Abbattute e ricostruite o rimodulate?

Evolute! Dovremo, infatti, rimodulare le città, riattivando l’antica e potente sorellanza con la natura ma stimolando un processo evolutivo. Di fronte alla indispensabile metamorfosi che coinvolge le città che vogliano combattere contro il cambiamento climatico e il capitalismo predatorio e che siano in grado di rispondere alle nuove domande che emergono dalle comunità urbane sempre più responsabili e attive, plurali e inter-specie, abbiamo bisogno di nuove risposte in grado di agire attivamente nella transizione ecologica, senza subirla.

E la città aumentata è il necessario salto di paradigma per rispondere alle diverse e multiformi domande che derivano dalle quattro principali sfide delle città nel XXI secolo: la diffusione della società della conoscenza e la rimodulazione delle comunità delle reti e dei flussi, la risposta al cambiamento climatico e la circolarità del metabolismo urbano.

Centri vitali o mortali (visto l’inquinamento)?

Oggi troppe città (soprattutto italiane e con parossismo al Sud) somigliano sempre più a caotiche e inquinate agglomerazioni urbane, create da inarrestabili urbanizzazioni predatorie, dalla congestione delle funzioni centrali, dall’impoverimento delle periferie, generando un diffuso sentimento anti-urbano, recentemente arricchito dalla retorica dei borghi-rifugio contro il contagio e dalle rapide conversioni verso un ritorno bucolico alla campagna, senza risolvere i problemi strutturali che ne hanno determinato il declino.

Tuttavia, io non mi iscrivo alla retorica dei borghi come alternativa alla città, alla critica urlata nei confronti delle metropoli.

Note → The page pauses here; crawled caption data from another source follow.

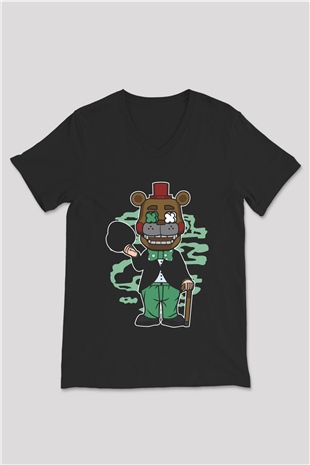 Freddy Gentlemen Baskılı Unisex Siyah V Yaka Tişört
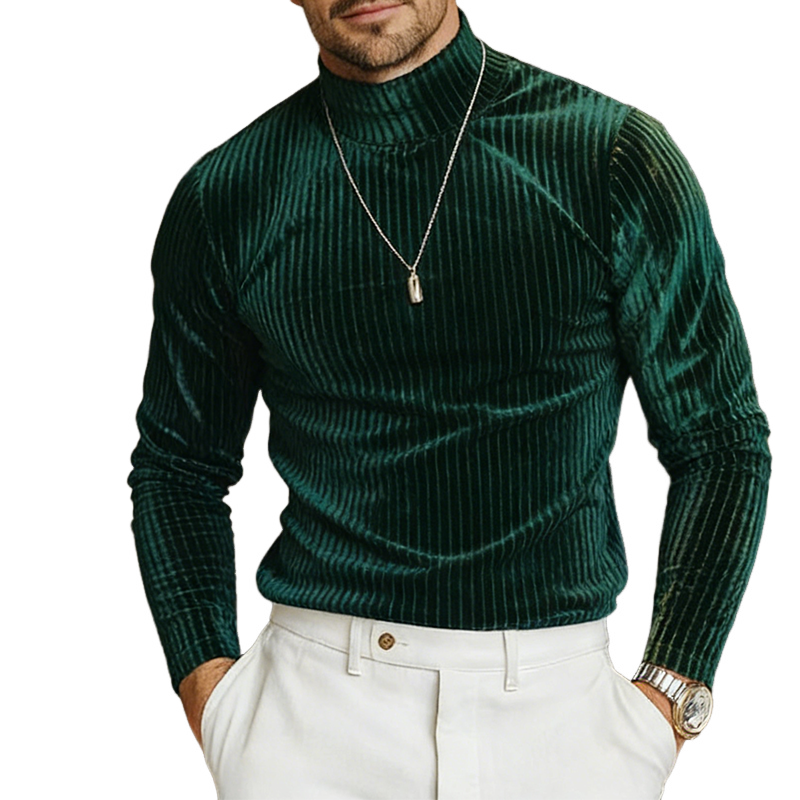 Men's Retro Casual Velvet Striped High Neck Long-Sleeve T-Shirt MTZ2217A0TO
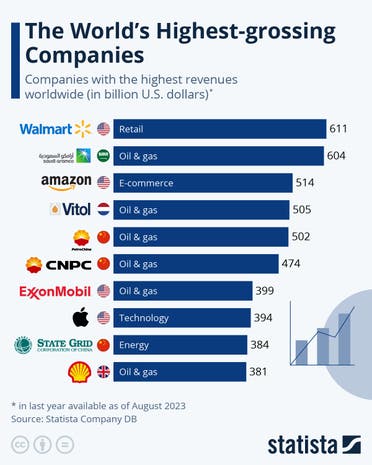 أكبر الشركات تسجيلاً للإيرادات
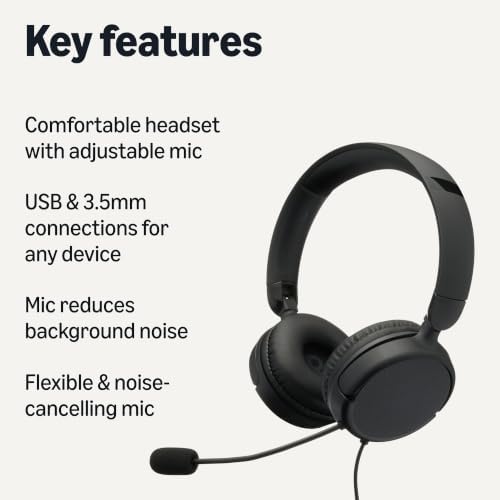 Amazon Basics On Ear Wired Computer Headset with Adjustable Microphone, 3.5mm Port or in-Line Control with USB-A Port, Foldable, Clear Sound, Small/Medium Size, Black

Preferisco, invece, la visione di un’Italia multiurbana – metropolitana, metromontana e metrorurale, intermedia, composta da città costiere e aree interne – capace di offrire la necessaria selezione delle risorse, l’indispensabile generazione di valore, l’efficace attivazione di opportunità di lavoro e di crescita della produttività insieme alla garanzia della salute e benessere degli abitanti e alla riduzione delle diseguaglianze.

Un’Italia composta da sistemi insediativi con identità, magnitudo, specializzazioni e relazioni territoriali differenziate, in grado di guidare con maggiore chiarezza la visione, il progetto e la norma delle nuove agende urbane (postpandemiche nell’immediato e a prova di crisi a regime), perché non siano la stanca riproposizione di pratiche tradizionali e il rituale uso di strumenti consolidati ma ormai spuntati.

Le città, tutte, possono tornare a essere il teatro che mette in scena il pensiero utopico di una società migliore, un dispositivo attivatore delle idee, per essere di nuovo i corpi vivi da cui soffia il respiro del cambiamento, soprattutto del cambiamento delle relazioni, delle visioni e delle responsabilità che servono per riattivare il futuro che vogliamo.